Infants cannot consent to having a literal piece of their genitalia removed, nor can they properly make an informed decision about whether or not they want the procedure done. It shouldn’t be up to anyone but the person whose body it is what happens to that body for a non-life saving nor medically necessary procedure.
I’ve seen this debate come up quite a bit in the news lately as the case of Chase Hironimus-Nebus makes national headlines. Chase’s parents have a custody agreement, signed in 2011, stating that he was to be circumcised; however, it wasn’t until this year that the boy’s father moved to enforce this stipulation. Chase’s mother, Heather, is now involved with the anti-circumcision movement. Chase himself is four years old. That’s old enough to articulate what he does and does not want to happen to his body. After a judge ruled in support of the circumcision agreement, Heather went into hiding at a woman’s shelter with her son for 90 days, after which she was incarcerated and released only under the condition that she agreed to sign a document allowing her son to be circumcised. There’s currently a hold placed on the procedure as the court proceedings continue, and there are a lot of questions here to be asked, particularly since most domestic violence shelters don’t accept women who aren’t fleeing some kind of abuse.
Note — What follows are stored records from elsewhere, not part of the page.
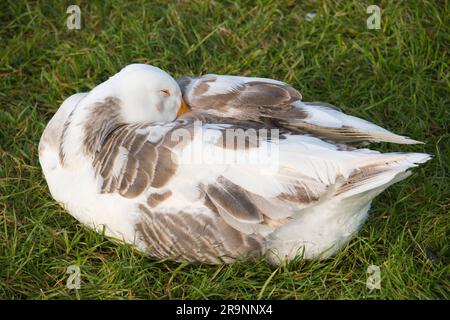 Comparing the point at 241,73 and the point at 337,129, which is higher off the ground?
the point at 337,129

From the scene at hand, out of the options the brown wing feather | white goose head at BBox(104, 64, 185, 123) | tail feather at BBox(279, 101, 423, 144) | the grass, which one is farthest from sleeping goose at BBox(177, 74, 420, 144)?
the grass

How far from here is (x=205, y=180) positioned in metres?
4.07

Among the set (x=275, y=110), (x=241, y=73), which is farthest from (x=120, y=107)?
(x=241, y=73)

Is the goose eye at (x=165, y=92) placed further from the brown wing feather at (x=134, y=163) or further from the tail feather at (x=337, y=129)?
the tail feather at (x=337, y=129)

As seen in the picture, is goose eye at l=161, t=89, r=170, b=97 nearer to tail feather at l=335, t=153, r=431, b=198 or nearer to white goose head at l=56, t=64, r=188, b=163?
white goose head at l=56, t=64, r=188, b=163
It’s a complicated case. But at its heart, it comes down to whether or not a parent has the right to determine what happens to their children’s genitals, even when that procedure is shown to have no medical necessity and the child has stated their opposition to it. Furthermore, people circumcised as children often experience the procedure as “a serious violation of their bodily integrity and develop symptoms that are commonly seen in children who have been sexually abused,” according to Patrick O’Connor, a licensed clinical psychologist specializing in loss and trauma during childhood and adolescence. This makes perfect sense to me, as this is how people who experience boundary and bodily violations often react. Circumcision is both of those things.
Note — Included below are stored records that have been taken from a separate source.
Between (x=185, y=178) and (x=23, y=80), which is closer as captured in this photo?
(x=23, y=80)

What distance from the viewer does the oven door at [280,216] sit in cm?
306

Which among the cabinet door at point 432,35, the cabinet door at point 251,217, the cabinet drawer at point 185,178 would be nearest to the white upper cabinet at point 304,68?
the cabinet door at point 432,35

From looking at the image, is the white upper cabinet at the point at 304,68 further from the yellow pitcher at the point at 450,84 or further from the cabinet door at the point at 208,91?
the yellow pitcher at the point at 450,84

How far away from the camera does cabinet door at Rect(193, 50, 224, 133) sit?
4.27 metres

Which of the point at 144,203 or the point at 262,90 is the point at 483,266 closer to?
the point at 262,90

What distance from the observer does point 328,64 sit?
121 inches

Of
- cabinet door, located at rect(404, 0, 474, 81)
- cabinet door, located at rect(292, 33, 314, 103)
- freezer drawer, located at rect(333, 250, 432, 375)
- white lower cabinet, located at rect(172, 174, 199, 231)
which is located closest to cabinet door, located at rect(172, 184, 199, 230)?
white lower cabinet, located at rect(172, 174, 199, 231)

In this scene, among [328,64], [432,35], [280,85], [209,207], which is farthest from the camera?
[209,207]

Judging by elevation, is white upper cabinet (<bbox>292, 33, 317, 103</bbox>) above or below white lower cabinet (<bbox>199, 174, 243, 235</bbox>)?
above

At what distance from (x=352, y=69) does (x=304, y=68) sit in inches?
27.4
It’s time for the US, as both a culture and a country, to ask ourselves why we continue to perform this unnecessary mutilation of baby boys’ genitals. The large movement sprouting up against the procedure (California got very close to having a circumcision ban on the ballot, many Jews are foregoing circumcision, and the 'intactivist' cause is growing as a result of the media around the Hironimus-Nebus case) should be an indication that something is amiss. As for me, if I have a son in the future, there will be no question and no debate — he will not be circumcised because his body is his own.